Every line from the one containing "Eunice Upholstered Stool" to the one containing "Biologia na czasie 1" in the records below, both included, must be set down exactly, and no other line.

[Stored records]
######
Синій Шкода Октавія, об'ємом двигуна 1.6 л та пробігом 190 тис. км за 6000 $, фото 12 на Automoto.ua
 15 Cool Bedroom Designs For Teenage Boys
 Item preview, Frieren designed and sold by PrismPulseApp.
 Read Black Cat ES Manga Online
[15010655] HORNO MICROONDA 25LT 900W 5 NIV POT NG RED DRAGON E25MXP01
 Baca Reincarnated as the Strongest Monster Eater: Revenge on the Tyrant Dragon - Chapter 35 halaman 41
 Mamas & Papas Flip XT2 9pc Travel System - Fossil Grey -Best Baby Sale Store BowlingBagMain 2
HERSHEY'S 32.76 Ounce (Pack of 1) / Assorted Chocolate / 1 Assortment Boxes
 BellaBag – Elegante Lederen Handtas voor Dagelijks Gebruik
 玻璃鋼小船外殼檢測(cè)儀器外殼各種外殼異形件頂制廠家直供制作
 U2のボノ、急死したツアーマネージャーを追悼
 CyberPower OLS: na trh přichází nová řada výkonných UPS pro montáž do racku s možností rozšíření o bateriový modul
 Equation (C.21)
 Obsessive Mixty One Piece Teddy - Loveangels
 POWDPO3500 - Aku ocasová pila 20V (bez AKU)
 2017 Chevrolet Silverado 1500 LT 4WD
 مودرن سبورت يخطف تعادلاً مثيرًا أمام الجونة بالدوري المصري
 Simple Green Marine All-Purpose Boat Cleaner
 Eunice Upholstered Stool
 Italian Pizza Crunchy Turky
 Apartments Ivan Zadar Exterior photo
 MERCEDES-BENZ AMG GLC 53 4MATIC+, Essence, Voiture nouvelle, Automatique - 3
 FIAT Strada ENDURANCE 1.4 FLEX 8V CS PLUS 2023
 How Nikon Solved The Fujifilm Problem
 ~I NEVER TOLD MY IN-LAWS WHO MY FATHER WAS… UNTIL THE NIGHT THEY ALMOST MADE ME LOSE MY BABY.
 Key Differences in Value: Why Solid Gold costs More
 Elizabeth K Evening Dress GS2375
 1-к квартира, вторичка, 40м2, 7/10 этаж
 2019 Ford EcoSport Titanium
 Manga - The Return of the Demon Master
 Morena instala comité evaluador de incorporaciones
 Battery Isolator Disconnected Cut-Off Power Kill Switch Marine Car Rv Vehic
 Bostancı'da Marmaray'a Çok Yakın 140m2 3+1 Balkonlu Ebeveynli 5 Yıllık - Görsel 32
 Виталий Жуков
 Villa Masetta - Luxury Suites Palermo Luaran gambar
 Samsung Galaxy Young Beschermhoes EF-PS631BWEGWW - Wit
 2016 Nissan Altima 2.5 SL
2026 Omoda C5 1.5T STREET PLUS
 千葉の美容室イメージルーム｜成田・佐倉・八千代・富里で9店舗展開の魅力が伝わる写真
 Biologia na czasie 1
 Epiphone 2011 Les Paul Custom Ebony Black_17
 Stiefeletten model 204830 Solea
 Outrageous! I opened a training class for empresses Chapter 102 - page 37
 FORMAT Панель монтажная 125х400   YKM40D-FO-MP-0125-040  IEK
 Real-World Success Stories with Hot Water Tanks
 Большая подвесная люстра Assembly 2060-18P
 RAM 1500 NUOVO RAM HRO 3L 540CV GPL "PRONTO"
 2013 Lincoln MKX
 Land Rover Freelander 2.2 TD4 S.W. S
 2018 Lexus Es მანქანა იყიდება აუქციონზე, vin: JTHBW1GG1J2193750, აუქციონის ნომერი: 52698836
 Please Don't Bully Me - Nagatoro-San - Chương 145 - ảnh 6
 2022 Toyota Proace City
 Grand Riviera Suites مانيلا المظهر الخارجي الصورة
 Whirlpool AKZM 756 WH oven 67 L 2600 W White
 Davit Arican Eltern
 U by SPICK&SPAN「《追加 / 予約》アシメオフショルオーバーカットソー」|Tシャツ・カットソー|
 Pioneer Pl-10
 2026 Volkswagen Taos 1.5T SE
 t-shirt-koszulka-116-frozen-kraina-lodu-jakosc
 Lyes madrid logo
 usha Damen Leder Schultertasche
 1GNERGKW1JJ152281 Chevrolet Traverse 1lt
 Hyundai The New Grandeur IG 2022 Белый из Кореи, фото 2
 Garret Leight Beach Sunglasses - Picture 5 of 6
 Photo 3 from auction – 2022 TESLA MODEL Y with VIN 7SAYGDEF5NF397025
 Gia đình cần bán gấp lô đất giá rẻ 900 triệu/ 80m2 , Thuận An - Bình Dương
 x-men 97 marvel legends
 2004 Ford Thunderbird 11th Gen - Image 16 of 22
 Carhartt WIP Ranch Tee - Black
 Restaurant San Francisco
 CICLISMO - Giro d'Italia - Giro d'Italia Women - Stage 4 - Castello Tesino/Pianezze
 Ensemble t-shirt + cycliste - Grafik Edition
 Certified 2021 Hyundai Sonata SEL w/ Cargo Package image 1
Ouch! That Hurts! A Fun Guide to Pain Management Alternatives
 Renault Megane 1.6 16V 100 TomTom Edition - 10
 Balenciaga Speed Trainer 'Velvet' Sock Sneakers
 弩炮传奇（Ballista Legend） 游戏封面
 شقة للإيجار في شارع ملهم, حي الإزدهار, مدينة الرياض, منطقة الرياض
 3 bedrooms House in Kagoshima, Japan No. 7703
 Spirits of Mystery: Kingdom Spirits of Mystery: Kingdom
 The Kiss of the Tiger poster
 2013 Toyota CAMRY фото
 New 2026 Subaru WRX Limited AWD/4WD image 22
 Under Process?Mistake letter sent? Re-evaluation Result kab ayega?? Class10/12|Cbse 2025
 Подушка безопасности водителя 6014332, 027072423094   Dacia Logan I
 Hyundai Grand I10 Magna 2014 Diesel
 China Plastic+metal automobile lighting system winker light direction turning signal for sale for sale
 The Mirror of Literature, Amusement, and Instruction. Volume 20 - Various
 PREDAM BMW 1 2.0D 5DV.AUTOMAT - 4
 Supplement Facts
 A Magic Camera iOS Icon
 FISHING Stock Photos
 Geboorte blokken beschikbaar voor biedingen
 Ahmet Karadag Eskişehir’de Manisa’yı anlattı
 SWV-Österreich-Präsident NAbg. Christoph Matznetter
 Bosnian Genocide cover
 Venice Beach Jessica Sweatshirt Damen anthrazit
######
Response to the exercise
 Eunice Upholstered Stool
 Italian Pizza Crunchy Turky
 Apartments Ivan Zadar Exterior photo
 MERCEDES-BENZ AMG GLC 53 4MATIC+, Essence, Voiture nouvelle, Automatique - 3
 FIAT Strada ENDURANCE 1.4 FLEX 8V CS PLUS 2023
 How Nikon Solved The Fujifilm Problem
 ~I NEVER TOLD MY IN-LAWS WHO MY FATHER WAS… UNTIL THE NIGHT THEY ALMOST MADE ME LOSE MY BABY.
 Key Differences in Value: Why Solid Gold costs More
 Elizabeth K Evening Dress GS2375
 1-к квартира, вторичка, 40м2, 7/10 этаж
 2019 Ford EcoSport Titanium
 Manga - The Return of the Demon Master
 Morena instala comité evaluador de incorporaciones
 Battery Isolator Disconnected Cut-Off Power Kill Switch Marine Car Rv Vehic
 Bostancı'da Marmaray'a Çok Yakın 140m2 3+1 Balkonlu Ebeveynli 5 Yıllık - Görsel 32
 Виталий Жуков
 Villa Masetta - Luxury Suites Palermo Luaran gambar
 Samsung Galaxy Young Beschermhoes EF-PS631BWEGWW - Wit
 2016 Nissan Altima 2.5 SL
2026 Omoda C5 1.5T STREET PLUS
 千葉の美容室イメージルーム｜成田・佐倉・八千代・富里で9店舗展開の魅力が伝わる写真
 Biologia na czasie 1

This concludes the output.